Seguono “Il siciliano” (1987) e “Ore disperate” (1990). Ne “Il siciliano” Cimino si avvale della collaborazione di Katy Haber, assistente di Sam Peckinphah per moltissimi anni, e di Torelli (costumi) che confiderà poi al regista di “non aver lavorato tanto dai tempi di Visconti”; ma nonostante il regista si documenti con puntiglio e passione sulla vicenda del bandito Giuliano, al centro della pellicola, il risultato non è così convincente. “Ore disperate”, invece, con un Micky Rourke funzionale e un Anthony Hopkins decisamente fuori parte, è il remake del film omonimo di Wiliam Wyler (1955) con Humphrey Bogart, e che sembra, per trama e sviluppi, in sintonia con i temi e la carica provocatoria e perturbante del cinema di Cimino, ma risulta un film tutto sommato pallido seppure con qualche guizzo “ciminiano”.
“Verso il sole” (1996) è l’ultimo lungometraggio del regista e a nostro modo di vedere un film di nuovo significativo. Un testamento concretissimo e mistico assieme, un road movie che è un viaggio iniziatico e un’altra storia di amicizia. Due personaggi sparigliati per estrazione sociale e radici antropologiche, ma appaiati da un destino di crescita e trasformazione. Nel pieno degli Anni Novanta, fucina di rampantismo e celebrazione del mito del profitto, Cimino disegna un percorso che è fisico – attraverso l’America delle radici, dove il paesaggio (filma con sapienza la Monument Valley già filmata a suo tempo da John Ford) è di una fierezza e di un’intatta bellezza che toccano il cuore – ma anche interiore, verso il lato più vergine e permeabile dell’animo, verso una forma oblativa di amore che recupera al personaggio (il Dr. Michael Reynolds) più materialista e divezzato al canto e alla poesia dell’anima, una dignità diversa e uno spessore inedito per la sua vita tetragona da ottuso arrampicatore sociale. Il film cresce piano, con qualche dispositivo narrativo discutibile e frusto, per diventare immenso, di un respiro amplissimo che rivendica la dimensione del sacro e assurge a metafora della scoperta, di sé e del circostante, degli spazi vasti del deserto in cui la corsa, per quanto sfrenata, non può che avere tempi dilatati – e in cui i protagonisti sono chiamati a conoscersi a fondo per stabilire una fratellanza – e degli spazi, ancora più ariosi, dello spirito. Il popolo indiano e la sua cultura, divengono il simbolo e il medium di una via dimenticata da ripercorrere, e che Michael intercetta acquisendo per nuovo viatico di un’esistenza l’altra America che cantava Whitman, quella fertile d’anima e vitalismo, quella lustrale e davvero sconfinata per potenzialità e libertà. Dal canto suo, il ragazzo navajo (Blue), suo compagno di viaggio, va incontro ad una morte consapevole e dignitosa che non sembra essere l’ultima parola su un’esistenza costretta e sprecata, ma una fusione mistica con una natura che accoglie e conferisce senso nuovo. Come un attento chimico dell’anima, Cimino si diverte per tutto il film a creare azioni e reazioni tra due elementi eterogenei ed esplosivi, i protagonisti, aspettando con pazienza – e lo spettatore aspetta insieme a lui – quella che diviene nel finale una miracolosa alchimia di vita e un canto di riscatto e libertà selvaggia.

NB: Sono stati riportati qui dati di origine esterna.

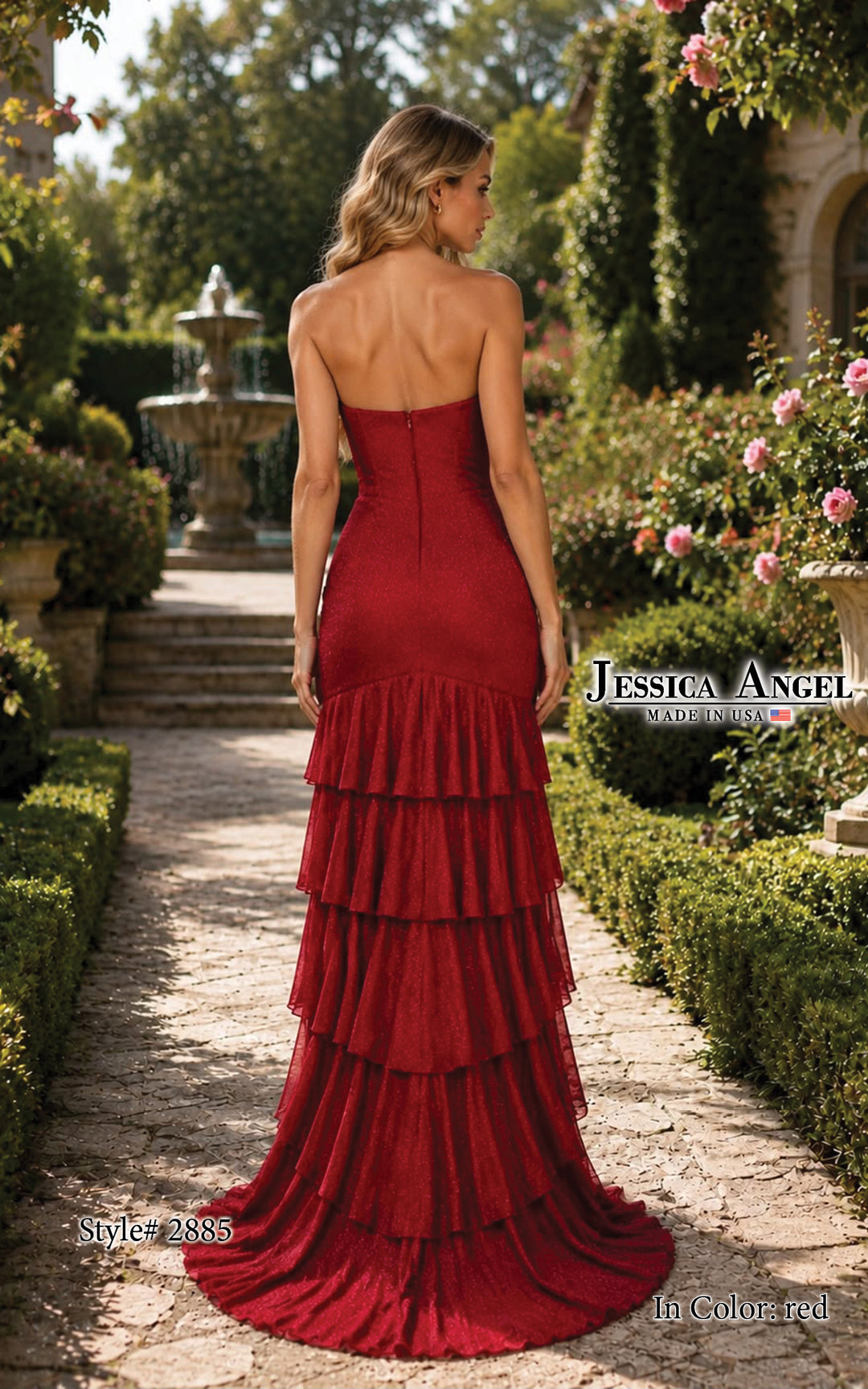 Jessica Angel 2885 tiered ruffle gown back view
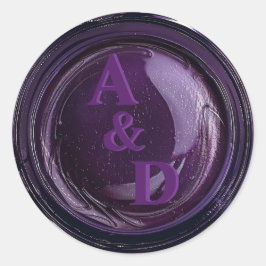 Elegante Violet Lila Monogram Wax Siegel Stickers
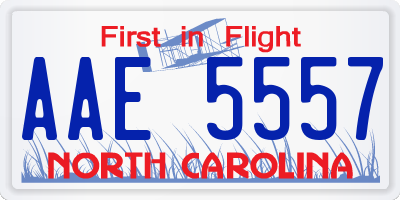 NC license plate AAE5557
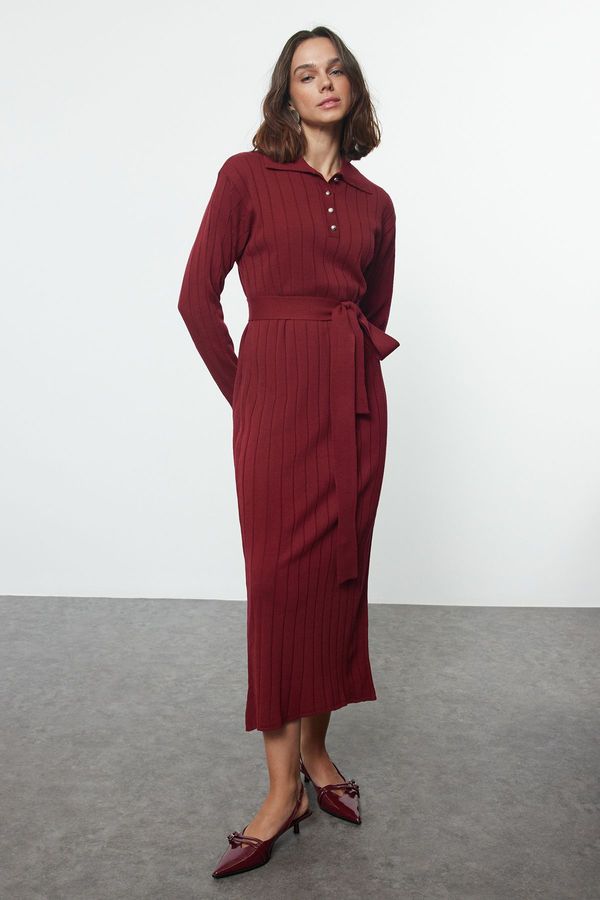 Trendyol Trendyol Burgundy Belted Polo Collar Knitwear Ribbed Knitted Sweater Dress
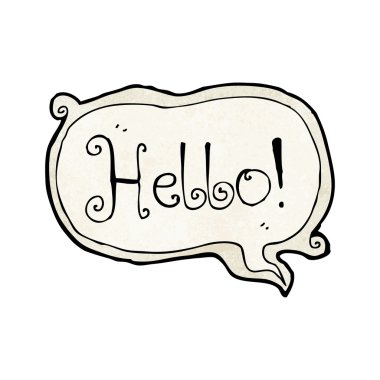 word hello ile konuşma balonu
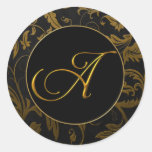 Le monogramme un or et mariage damassé noir scelle autocollants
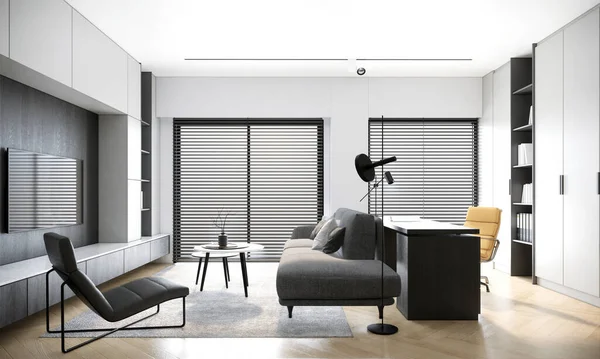現代の黒と白のリビングルーム トレンディーな日本のインテリアデザイン ホームオフィスのコンセプト — ストック写真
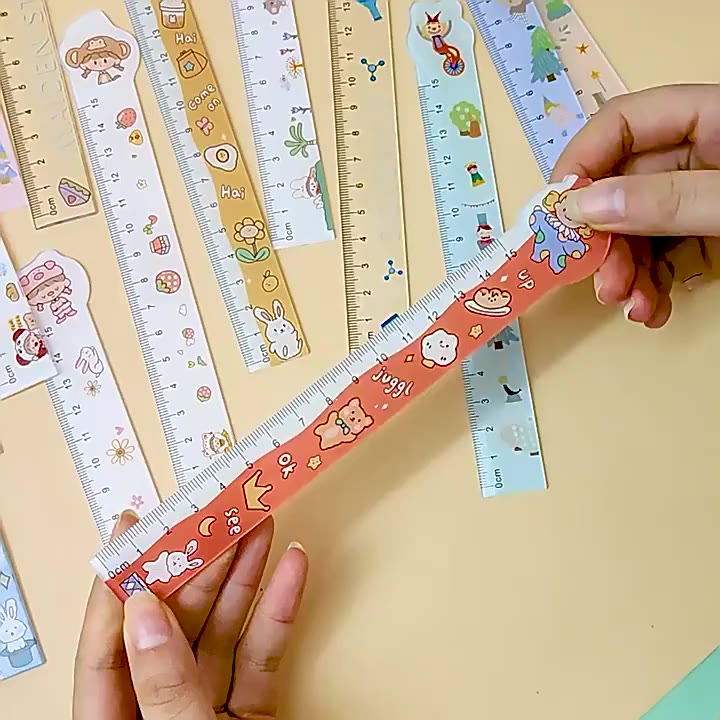 4 Pcs 15cm Creative Cartoon Straightedge Ruler School Measuring Rulers ...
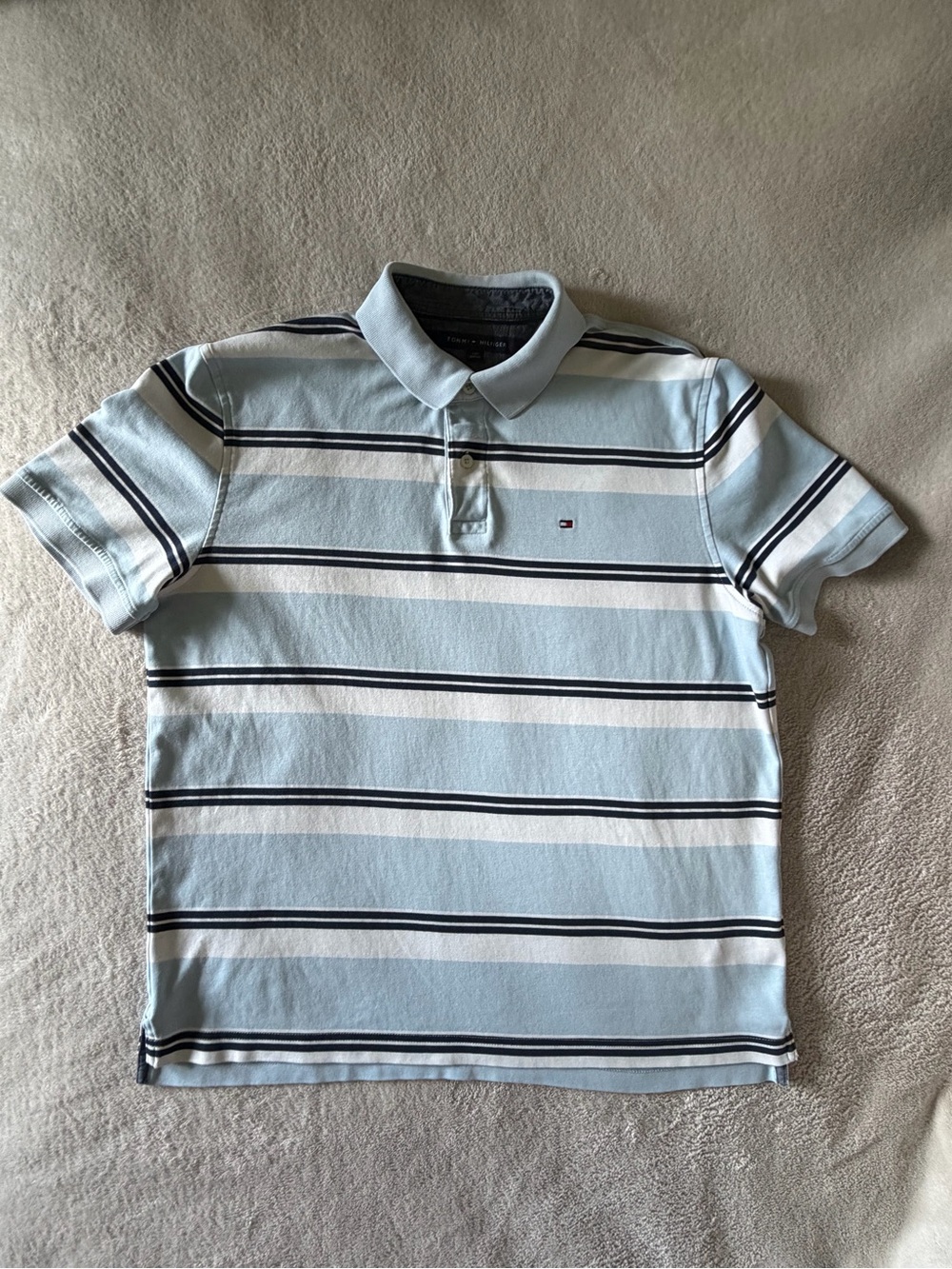 Tommy Hilfiger Light Blue, White & Navy Striped Polo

Michael Cimino si spegne il 2 luglio del 2016 all’età di settantasette anni, consegnando al cinema solo sette film e lasciando purtroppo incompiuti molti progetti. Questo regista atipico e memorabile, non meritava un destino segnato da un sostanziale isolamento artistico e da ristrettezze sul piano dei finanziamenti e della libertà espressiva; e può e deve essere rivalutato e celebrato degnamente.